The pericarpium trichosanthis is the pericarp of bilateral Trichosanthes kirilowii (Trichosanthes rosthornii Harms) or the Trichosanthes kirilowii Maxim of the Cucurbitaceae family, and contains amino acids, flavonoids, triterpenes (Liu jin na, Wen Chun Xiu, Liu Ming, and the like), the research on the chemical components and the pharmacological activity of the Trichosanthes kirilowii Maxim progresses [ J ]. the traditional Chinese medicinal materials, 2013,36(5): 843-8), and the extract or the injection thereof has the functions of dilating arterioles, resisting platelet aggregation, promoting blood circulation to remove blood stasis and relieving chest distress (from Chen Xin Xiu, jin has Yu, Tangguang, newly-compiled pharmacology [ M ].17 edition, Beijing: the human health publisher, 2011.) and has certain treatment effect on cardiovascular diseases. The active components of the allium macrostemon for promoting blood circulation and removing blood stasis mainly comprise saponin and adenosine compounds (from the generation of Yao, Chenhaifeng, Wanglili. research on active substances of the traditional Chinese medicine allium macrostemon for promoting blood circulation and removing blood stasis [ C ]: the third world, the Chinese-Western medicine combination society, Guangzhou, Guangdong, China, 2007). The trichosanthes bark-allium macrostemon composition has important significance for preventing and treating cardiovascular diseases, and has safety and no toxic and side effects (from Zhouyi, 37154;, Asterina pectinifera, Weimeiling, and the like, long-term toxicity test of trichosanthes longum dropping pills [ J ]. Chinese Hospital pharmaceutical journal, 2015,35(13):1172-1179.)
The snakegourd peel extract and the allium macrostemon extract are compounded, so that the blood fat level is more remarkably reduced through multiple target spots, and the compound has remarkable antioxidant activity.

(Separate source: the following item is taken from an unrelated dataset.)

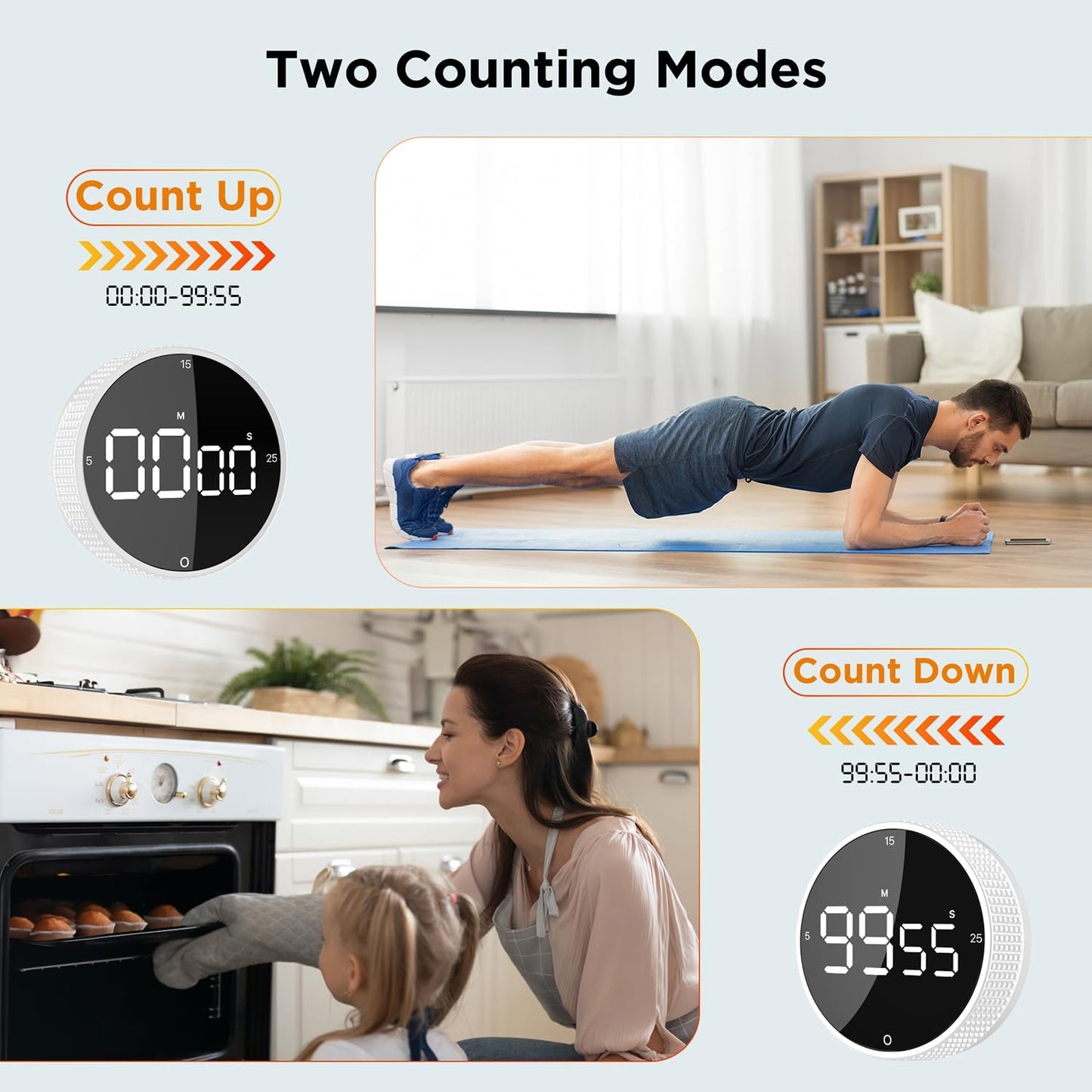 Upgrade Digital Kitchen Timer - 2 Pack Magnetic Countdown Countup Visual Pomodoro Timer with Large LED Display, 3-Preset Times, 3 Volume Levels, Ideal for Cooking, Baking and Fitness (2, White)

The pericarpium Trichosanthis and Bulbus Allii Macrostemi wine decoction is prepared by referring to the "Gua Lou Xiebai wine decoction" from Zhang Zhongjing jin Kui Yao L ü e, and combining the regulation mechanism and compatibility principle of natural medicines for reducing blood lipid. The two natural medicines (extracts) are combined according to a certain proportion to develop the compound preparation of snakegourd peel and allium macrostemon for reducing blood fat, and the active ingredients in the extracts achieve the optimal blood fat reducing effect through multiple targets.
Disclosure of Invention
The invention aims to provide a medicine or food, and the medicine or food contains the blood fat reducing composition.
In order to achieve the purpose, the technical scheme adopted by the invention is as follows:
a blood fat reducing pericarpium trichosanthis compound comprises pericarpium trichosanthis extract and allium macrostemon extract as effective components.
The ratio of the raw materials of the snakegourd peel and the allium macrostemon is 1:7.83-1: 3.58.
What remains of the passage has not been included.